__Exercise aim__:
Set down the data again word for word. Skip any pictures.

__Collected material__:
+===+
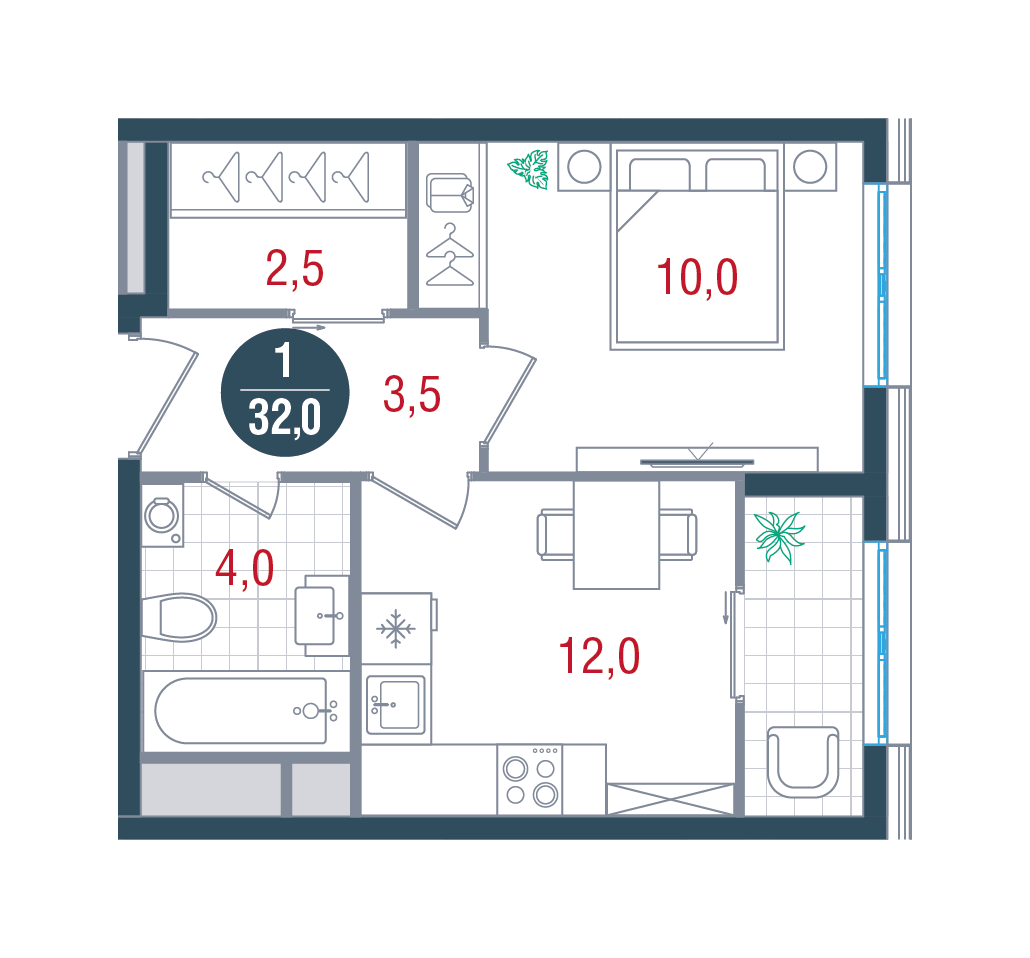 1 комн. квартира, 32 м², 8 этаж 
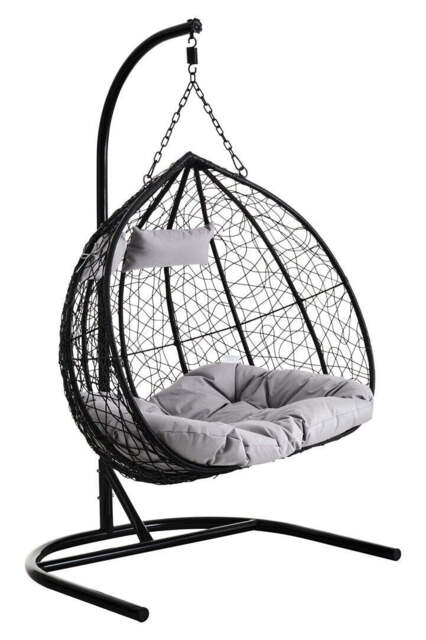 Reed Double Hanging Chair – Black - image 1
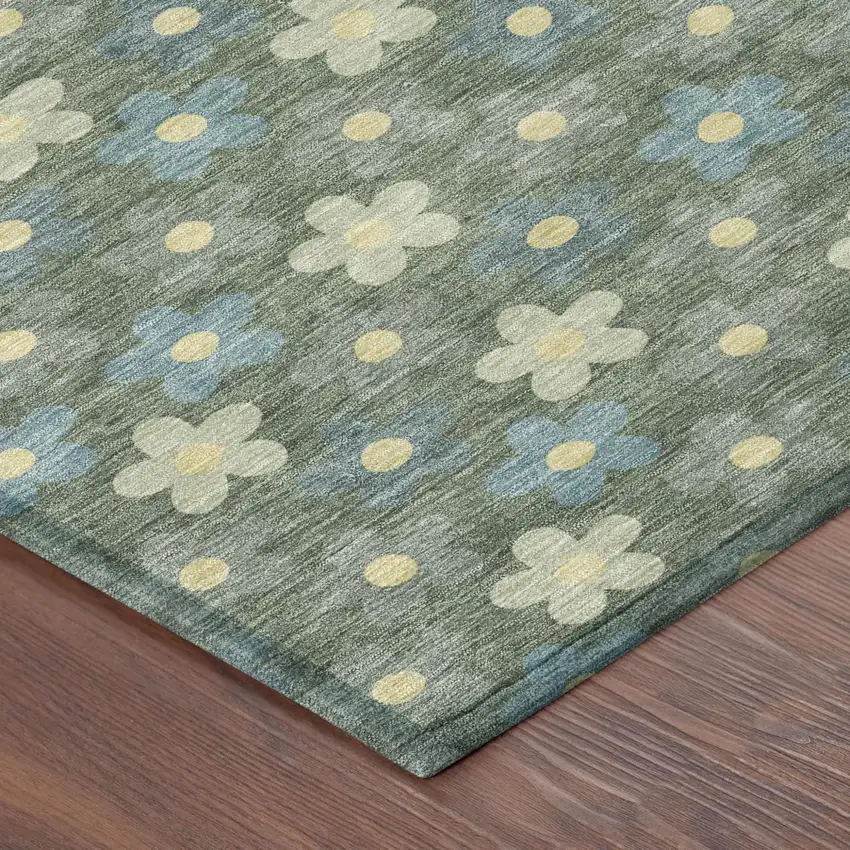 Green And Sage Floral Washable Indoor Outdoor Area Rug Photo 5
+===+
__Exercise solution__:
 1 комн. квартира, 32 м², 8 этаж 
 Reed Double Hanging Chair – Black - image 1
 Green And Sage Floral Washable Indoor Outdoor Area Rug Photo 5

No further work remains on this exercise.